LISTED RECORDS
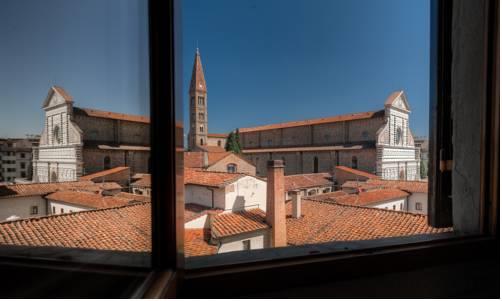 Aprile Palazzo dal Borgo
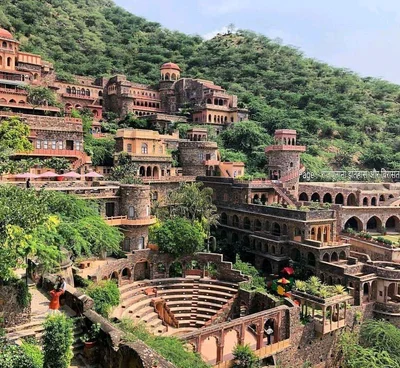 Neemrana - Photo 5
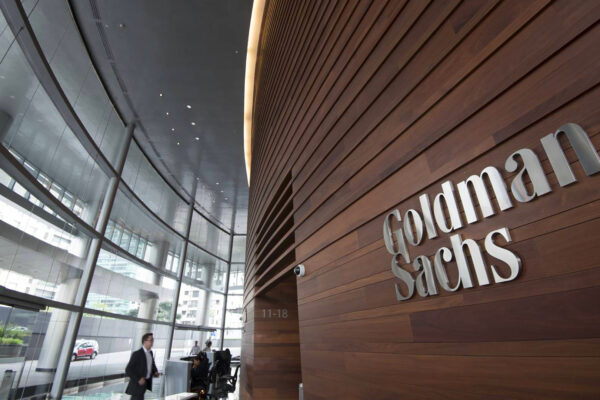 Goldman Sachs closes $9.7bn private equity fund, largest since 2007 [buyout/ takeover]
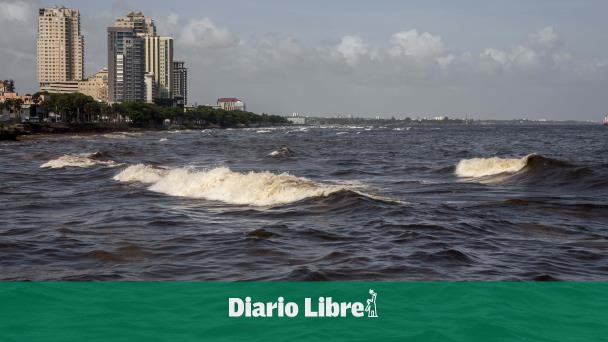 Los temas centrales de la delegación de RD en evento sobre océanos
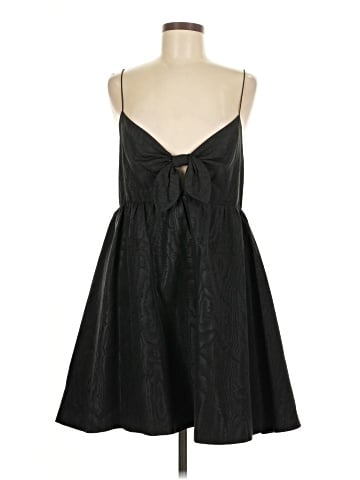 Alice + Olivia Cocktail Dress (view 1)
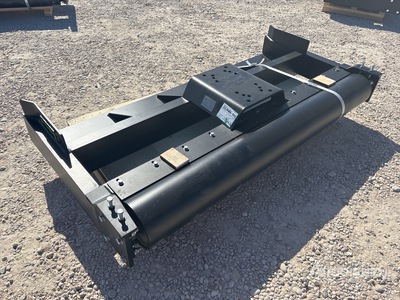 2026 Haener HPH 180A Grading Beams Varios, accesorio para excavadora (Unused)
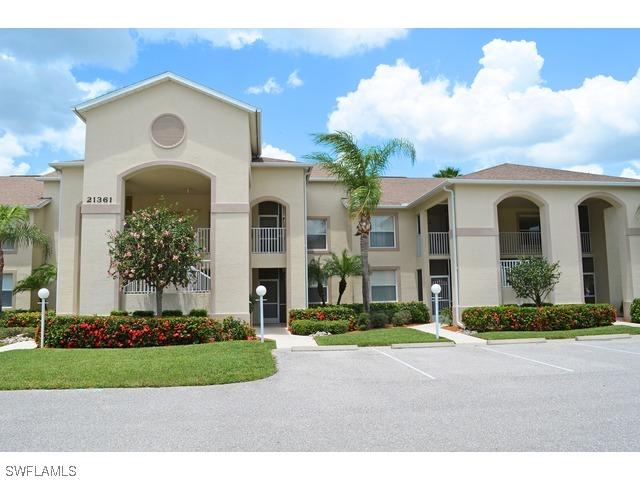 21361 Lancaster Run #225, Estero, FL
--
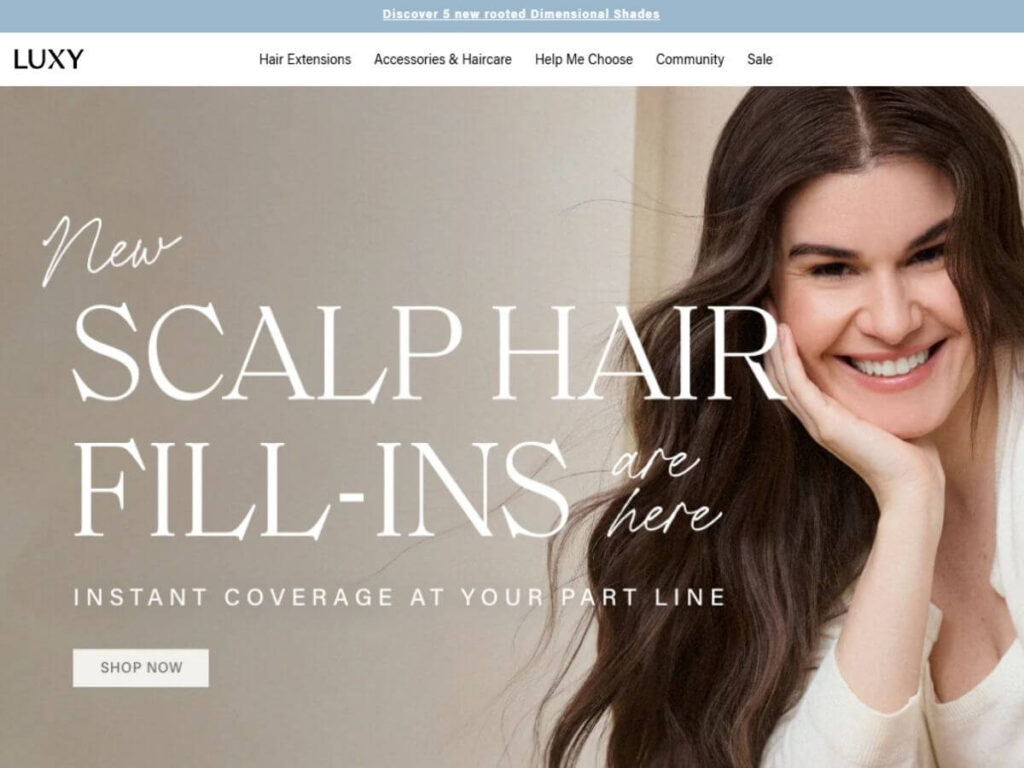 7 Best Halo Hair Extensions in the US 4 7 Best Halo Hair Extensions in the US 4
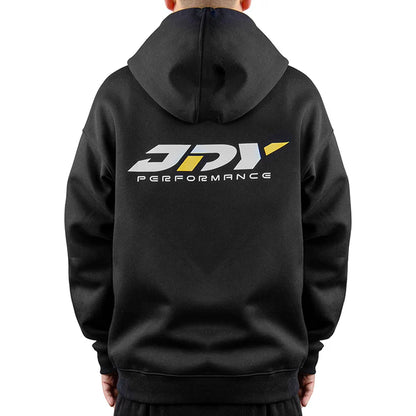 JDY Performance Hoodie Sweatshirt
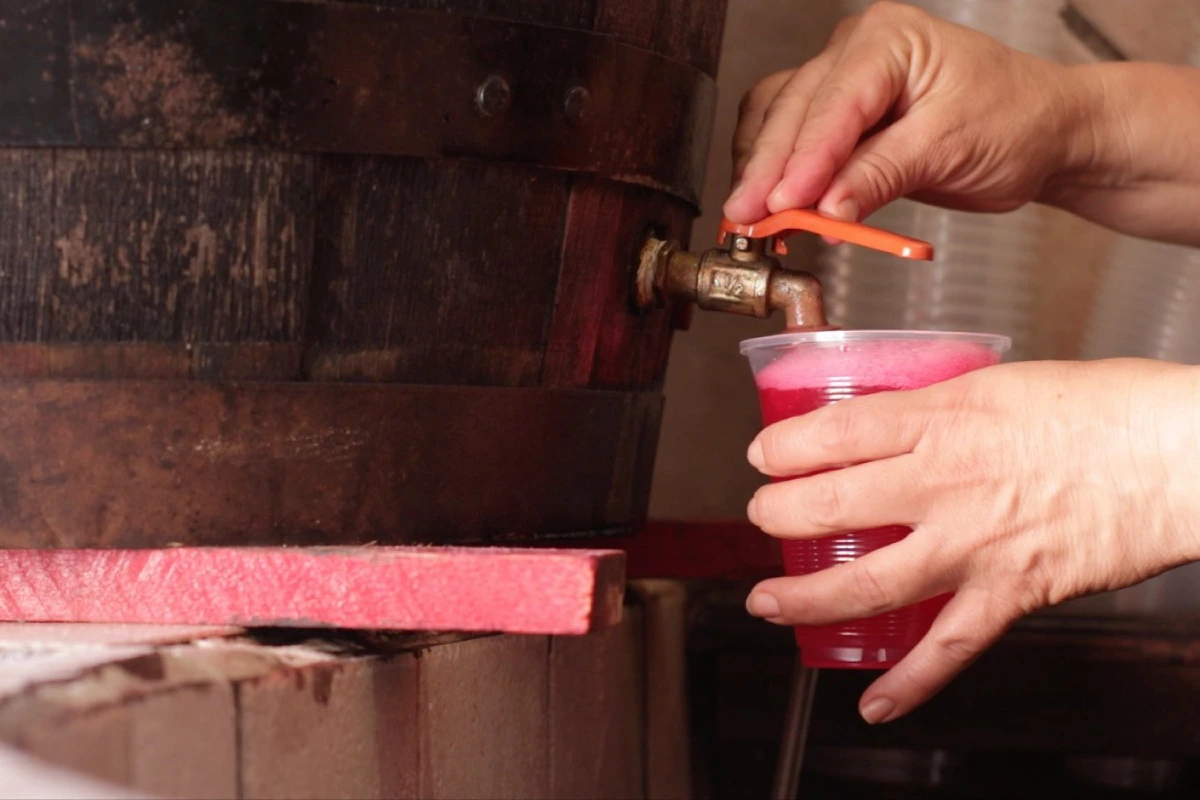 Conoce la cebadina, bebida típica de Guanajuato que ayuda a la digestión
--
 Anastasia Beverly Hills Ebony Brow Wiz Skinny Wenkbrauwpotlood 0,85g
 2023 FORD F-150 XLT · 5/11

TASK PROMPT
In the data above, start at the line holding "2026 Haener HPH" and stop after the line holding "21361 Lancaster Run #225, Estero, FL"; write out those lines exactly, without pictures.

YOUR SOLUTION
 2026 Haener HPH 180A Grading Beams Varios, accesorio para excavadora (Unused)
 21361 Lancaster Run #225, Estero, FL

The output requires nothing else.